§ **Problem description**: Set down only these lines, exactly: the line containing "imageRUNNING GIRL Sports" and all lines through the end of the data below. Omit pictures.

§ **Data provided**:
- - -

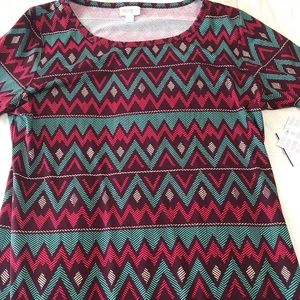 LuLaRoe Julia NWT large pink aqua dress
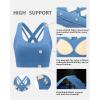 imageRUNNING GIRL Sports Bra for Women High SupportCrissCross Back Strappy Sports Bra Moulded Cup High Impact Workout TopAlight Blue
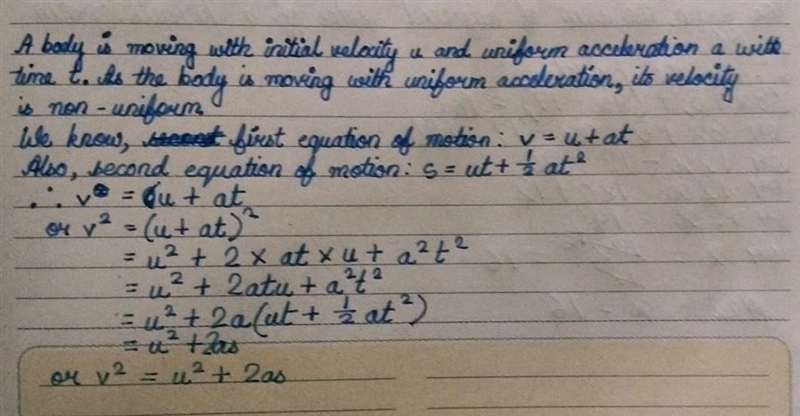 Derive 3: v2=u2 + 2as​-example-1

- - -

§ **Answer to this exercise**:
 imageRUNNING GIRL Sports Bra for Women High SupportCrissCross Back Strappy Sports Bra Moulded Cup High Impact Workout TopAlight Blue
 Derive 3: v2=u2 + 2as​-example-1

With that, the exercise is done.